> _TRY IT_: When writing out the entries below, keep only the lines from the line with "Next we have" to the line with "Again, we've got", both included, exactly as they are, and leave the pictures aside.

Dataset entries:
= Beginning of Section =

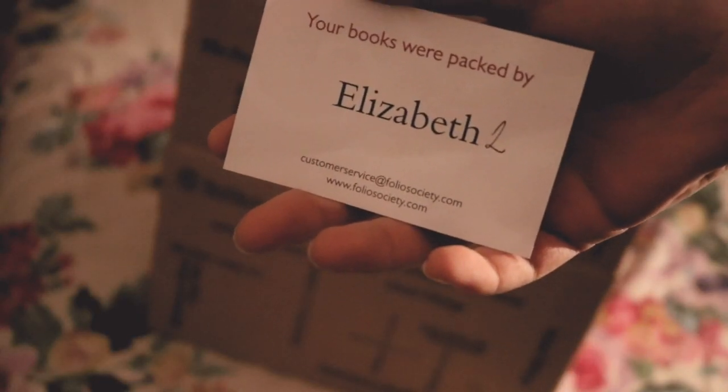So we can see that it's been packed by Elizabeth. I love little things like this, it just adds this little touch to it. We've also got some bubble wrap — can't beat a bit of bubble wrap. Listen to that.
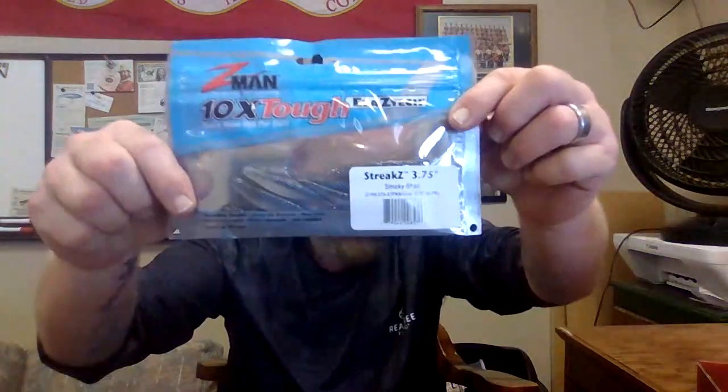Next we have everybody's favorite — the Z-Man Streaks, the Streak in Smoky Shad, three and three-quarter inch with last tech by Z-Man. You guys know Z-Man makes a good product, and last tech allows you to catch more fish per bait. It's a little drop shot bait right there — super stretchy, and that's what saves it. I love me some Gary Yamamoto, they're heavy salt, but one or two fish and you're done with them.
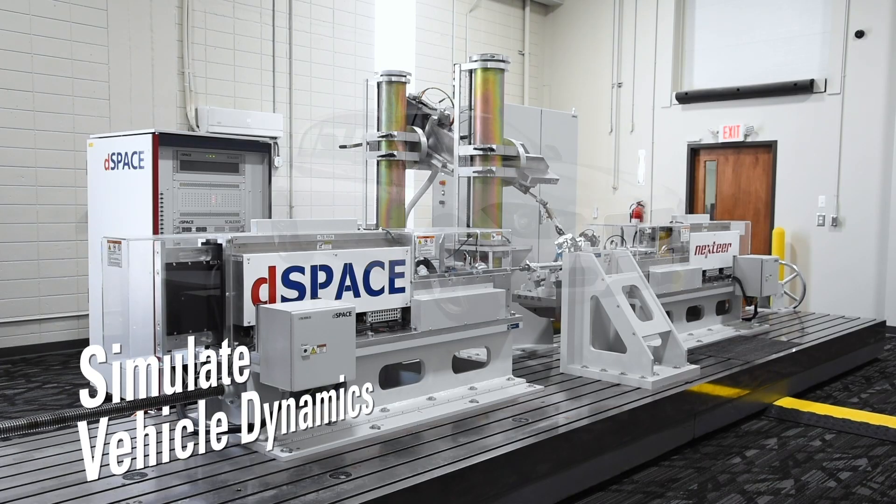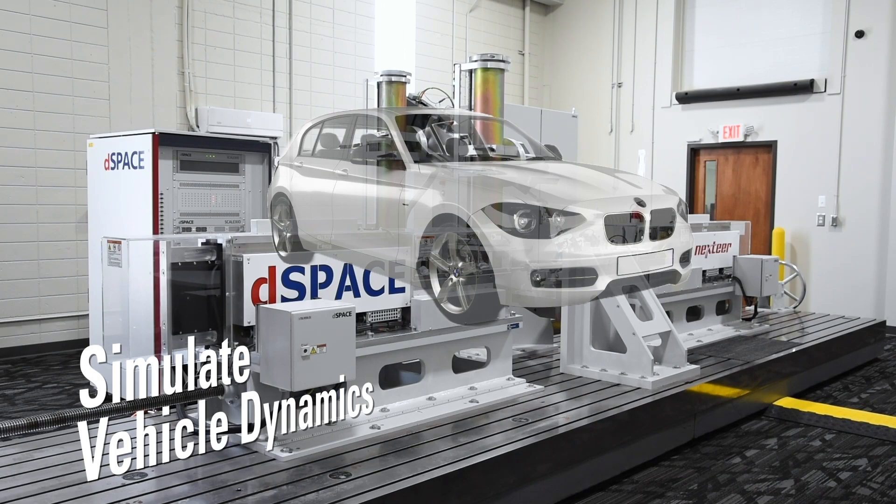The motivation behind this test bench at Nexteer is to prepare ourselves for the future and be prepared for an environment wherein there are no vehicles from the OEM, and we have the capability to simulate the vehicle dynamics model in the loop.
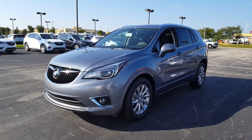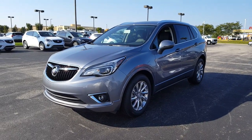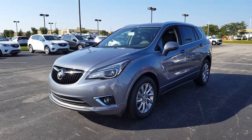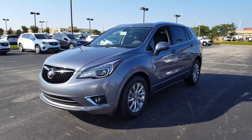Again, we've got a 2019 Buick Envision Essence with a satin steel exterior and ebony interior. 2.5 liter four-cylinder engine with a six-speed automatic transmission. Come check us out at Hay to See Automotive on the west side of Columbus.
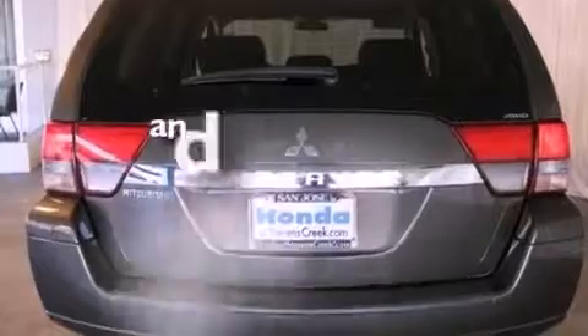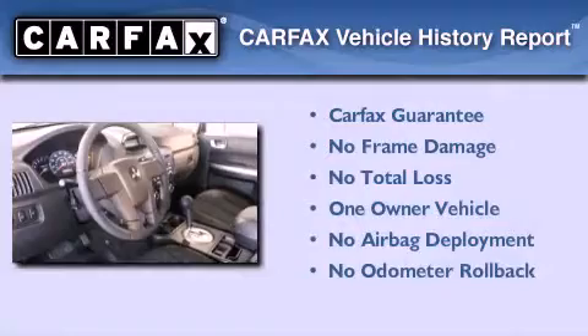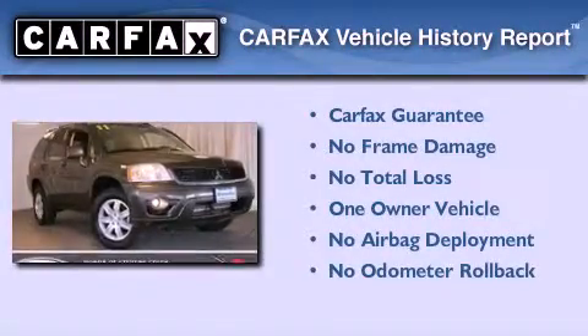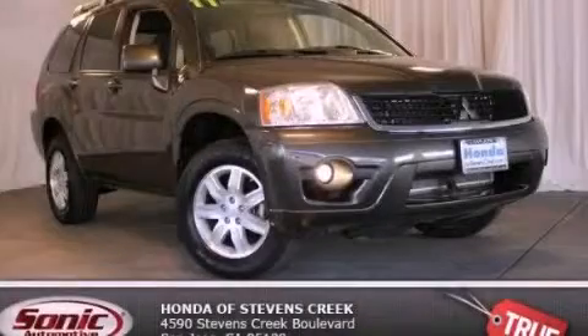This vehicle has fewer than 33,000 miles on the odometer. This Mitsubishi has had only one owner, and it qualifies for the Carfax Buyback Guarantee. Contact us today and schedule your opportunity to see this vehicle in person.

= End of Section =

> _RESULT OF THIS EXERCISE_:
Next we have everybody's favorite — the Z-Man Streaks, the Streak in Smoky Shad, three and three-quarter inch with last tech by Z-Man. You guys know Z-Man makes a good product, and last tech allows you to catch more fish per bait. It's a little drop shot bait right there — super stretchy, and that's what saves it. I love me some Gary Yamamoto, they're heavy salt, but one or two fish and you're done with them.
The motivation behind this test bench at Nexteer is to prepare ourselves for the future and be prepared for an environment wherein there are no vehicles from the OEM, and we have the capability to simulate the vehicle dynamics model in the loop.
Again, we've got a 2019 Buick Envision Essence with a satin steel exterior and ebony interior. 2.5 liter four-cylinder engine with a six-speed automatic transmission. Come check us out at Hay to See Automotive on the west side of Columbus.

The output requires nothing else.